En matière de protection des populations, la France est donc dotée d'une loi efficace, et qui permettra, si elle est bien déployée, d'atteindre l'objectif de protection des riverains formulé après l'accident d'AZF.

Reste le problème de gestion de crise qu'a posé Lubrizol. Malheureusement, peu de progrès ont été accomplis et peu d'enseignements ont été tirés des retours d'expérience d'autres accidents industriels. La déléguée générale d'Amaris me faisait ainsi remarquer que l'on retrouvait, dans les reportages qui ont suivi l'accident d'AZF, les mêmes réactions de riverains : ils se plaignent de n'avoir pas été prévenus à temps, de ne pas disposer d'information claire et précise. Nous estimons que les systèmes utilisés pour prévenir les populations, ainsi que la chaîne de gestion de crise, ne sont pas au point. Les sirènes, par exemple, ne sont pas efficaces. Une étude menée dans les Bouches-du-Rhône, où il y a des sites industriels importants, comme Fos-sur-Mer, montre que celles-ci n'atteignent que 35 % de la population, alors que les réseaux sociaux peuvent en informer 70 % dans le même temps. Moi-même, qui suis un peu averti sur le sujet, je ne suis pas certain de pouvoir reconnaître les différentes sirènes indiquant la nature des dangers.

Il existe d'autres systèmes, notamment le Cell Broadcast, grâce auquel tous les opérateurs téléphoniques dans un certain périmètre diffusent une alerte sur tous les supports, portables et autres, de façon immédiate. Ce système fonctionne dans d'autres pays, comme les États-Unis, les Pays-Bas ou le Japon.

Nous observons également un dispositif utilisé en Belgique, qui fonctionne selon une logique complètement différente, que nous trouvons pertinente. Le Centre de crise national répond directement aux questions que posent les personnes concernées par un accident au moment où il se produit. L'expérience montre que ce que l'on perçoit d'un accident industriel et sa réalité peuvent grandement différer. J'ai ainsi assisté à un feu de bac dans la raffinerie de Feyzin, qui contenait de l'eau et une fine couche d'hydrocarbures et qui avait été touché par la foudre ; l'incendie était sans aucune gravité, mais visuellement très impressionnant.
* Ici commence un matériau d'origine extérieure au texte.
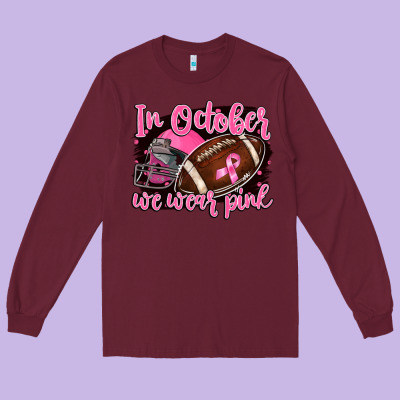 In October We Wear Pink With Football Long Sleeve Tee Designed By Barkaloodesign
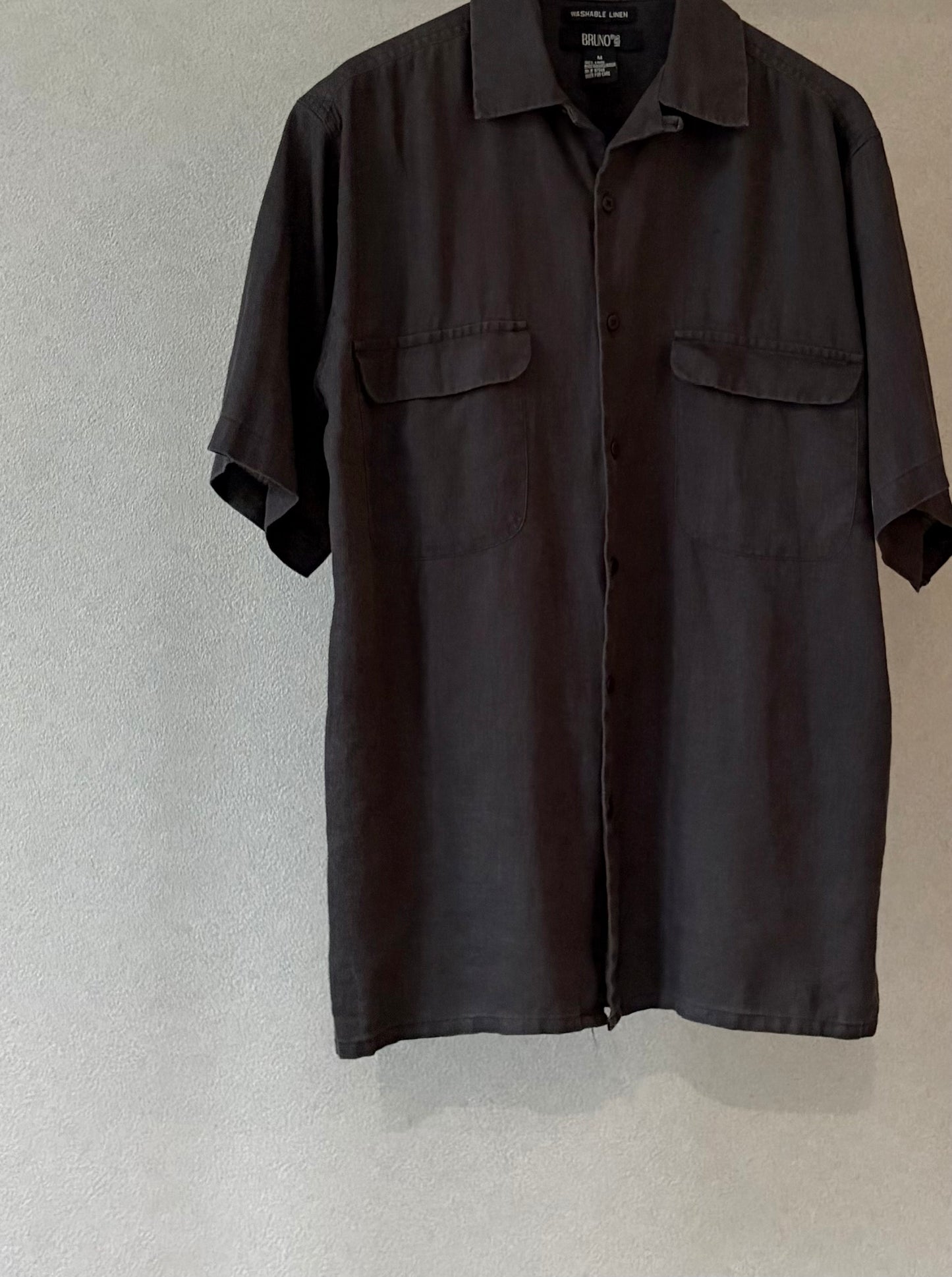 00's BRUNO linen open collar shirt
On constate cela à propos de Lubrizol : la taille du panache de fumée ne donne aucune indication sur la réalité du danger.

Ce système belge ne s'attache pas à donner des informations très verticales par tweets, comme le font aujourd'hui les préfets, lesquelles, certes, s'approchent de la vérité scientifique, mais ne correspondent pas à ce qui intéresse l'opinion ; il apporte des réponses aux questions posées sur les réseaux sociaux, élaborées par des spécialistes éclairés que la plateforme parvient à mobiliser. Cela fonctionne bien, et, selon nous, c'est mieux adapté et beaucoup plus efficace pour apporter des réponses aux habitants concernés.

La manière de prévenir n'est donc pas au point en France, mais le ministère de l'intérieur considère qu'il s'acquitte de sa responsabilité en gérant le système d'alerte et d'information des populations. Un de vos collègues, M. Jean-Pierre Vogel, a rendu un excellent rapport sur le sujet, dont nous soutenons les conclusions.